Dermatological phenomena: Skin erythema and/or rash, small tortoiseshell, alopecia (seldom), photosensitivity, furunculosis, depigmentation or hyperpegmentation, eels, skin peeling, formation of blisters, folliculitis.

Allergic reactions: Fever, fever, rash, urticaria, anaphylaxis.

Bodies of sight: Konjyuktivit, excess dacryagogue, a cataract, a photophobia, a cortical blindness (at high doses).

Immune status: Immunosuppression, decrease in resistance to injection diseases.

Others: Indisposition, osteoporosis, hyperuricemia, vasculitis. Seldom - a pneumonitis, a pneumosclerosis.

Prevention and precautionary measures:

The methotrexate is cytotoxic drug therefore it is necessary to observe care in the treatment of him.

The medicinal forms containing preservatives in a particular benzyl alcohol, it is forbidden to use for intrathecal introduction and at high-dose therapy.

At introduction of high doses of the Methotrexate careful control of the patient is necessary for early identification of the first signs of toxic reactions.

During therapy by the Methotrexate in the raised and high doses it is necessary to watch for рН urine: in day of introduction and in the next 2-3 days reaction of urine has to be alkaline.
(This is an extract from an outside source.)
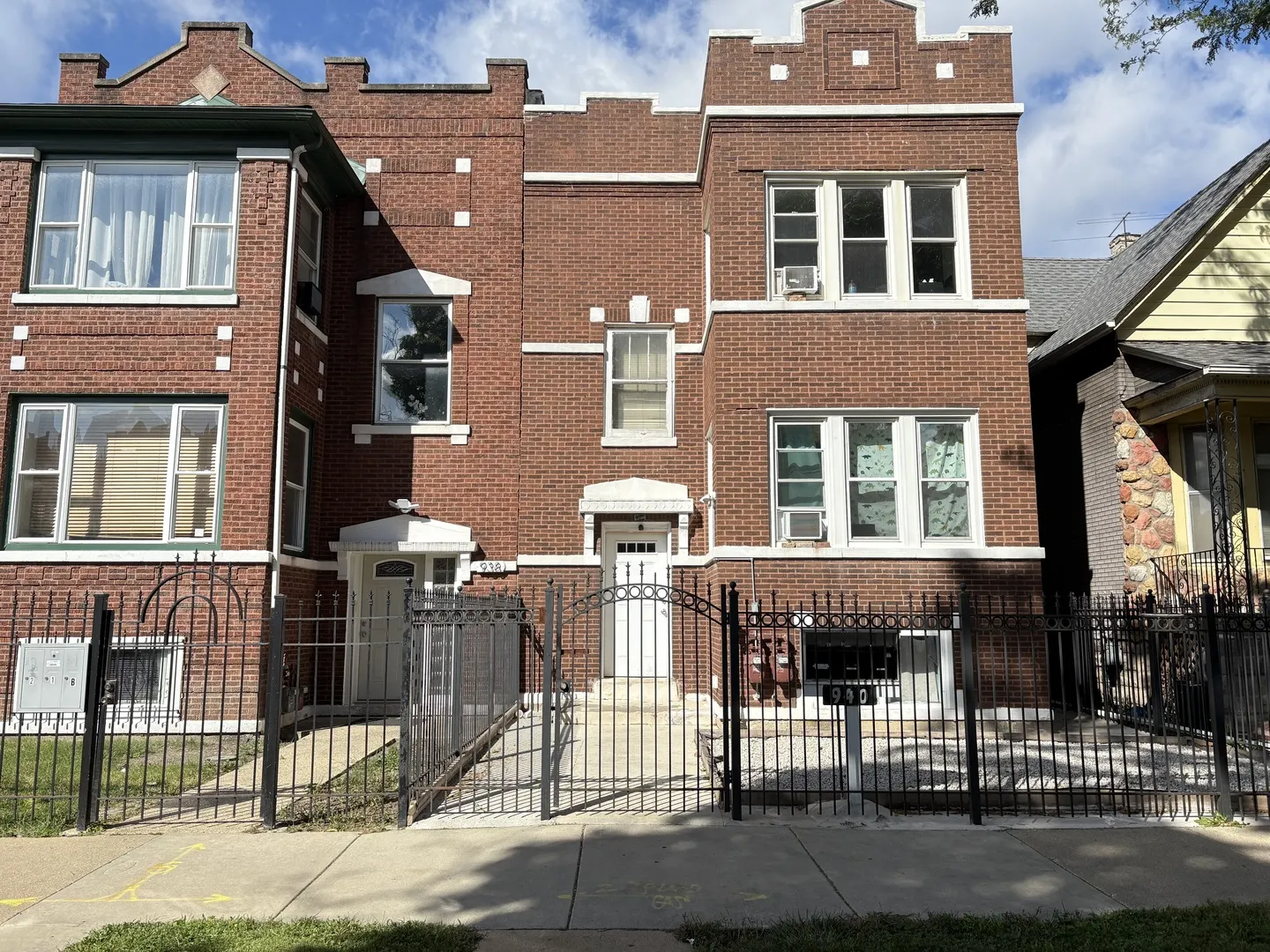 940 N Leclaire Avenue IL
It is reached by intravenous drop administration of the mix consisting of 40 ml of 4,2% of solution gidrokarbonata sodium and 400-800 ml of isotonic solution of chloride of sodium the day before in day of treatment and in the next 2-3 days.
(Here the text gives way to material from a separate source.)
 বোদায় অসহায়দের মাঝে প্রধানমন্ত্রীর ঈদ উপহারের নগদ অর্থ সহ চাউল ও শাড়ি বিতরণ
Methotrexate in the raised and high doses it is necessary to combine treatment with the strengthened hydration to 2 l of liquid a day. Introduction of the Methotrexate in a dose of 2 g/m2 and is carried out under control of its concentration in blood serum above. Decrease in maintenance of a methotrexate in blood serum in 22 hours after introduction to 2 times in comparison with initial level is considered normal. Increase in level of creatinine for 50% and more initial contents and/or increase of level of bilirubin demand intensive disintoxication care.

For treatment of psoriasis the Methotrexate is appointed only the patient with a severe form of a disease, not poddayushchiyeysya to treatment by other types of therapy.
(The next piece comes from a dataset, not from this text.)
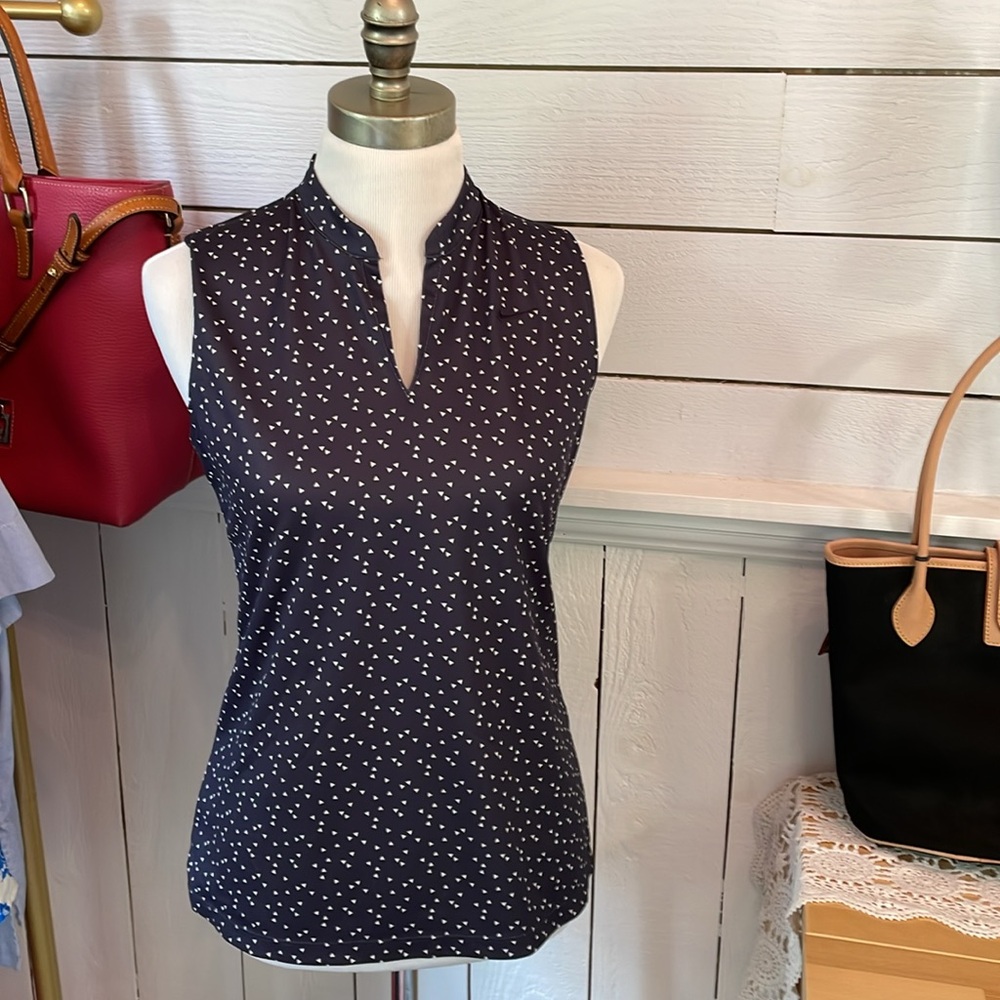 Nike dri-fit Women's Sleeveless charcoal Top with White triangle Pattern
The periodic analysis of blood, determination of content of leukocytes and thrombocytes, carrying out hepatic and renal functional tests is necessary for prevention of toxicity in the course of treatment by the Methotrexate.

At development of diarrhea and ulcer stomatitis therapy by the Methotrexate needs to be interrupted, in an opposite case it can lead to development of hemorrhagic enteritis and to death of the patient owing to an intestines perforation.

At patients with the broken function of a liver the period of identification of the Methotrexate is increased therefore, at such patients therapy should be carried out with extra care, using reduced doses.


Interaction with other medicines:

Simultaneous use of high doses of the Methotrexate with various nonsteroid antiinflammatory drugs (NPVP), including aspirin and other salicylates, azapropazon, diclofenac, indometacin and ketoprofen, toxicity of a methotrexate can amplify, and in a number of cases perhaps heavy toxic action, sometimes even with a lethal outcome. At observance of special precautionary measures and a provedeeniye of the corresponding monitoring use of a methotrexate in low doses (7,5-15 mg a week), in a particular at treatment of rhematoid arthritis, in a combination with NPVP is not contraindicated.

Simultaneous use of streptocides, derivative sulphonylurea, Phenytoinum, phenylbutazone, aminobenzoic acid, probenitsida, Pyrimethaminum or Trimethoprimum, a number of antibiotics (penicillin, tetracycline, chloramphenicol), anticoagulants and hypolipidemic drugs (holestiramin) increases risk of toxicity of a methotrexate.

The patients receiving the accompanying therapy etretinatom or other retinoids, have to be under constant observation because of the increased risk of a hepatotoxic.

The polyvitaminic drugs containing folic acid or its derivatives can reduce efficiency of therapy by a methotrexate.

L-aspariganaza is an antagonist of a methotrexate.

Carrying out anesthesia with use of protoxide of nitrogen can lead to development of an unpredictable heavy miyelosupressiya and stomatitis.

Purpose of Amiodaronum to the patients receiving therapy by a methotrexate concerning psoriasis can cause a skin ulceration.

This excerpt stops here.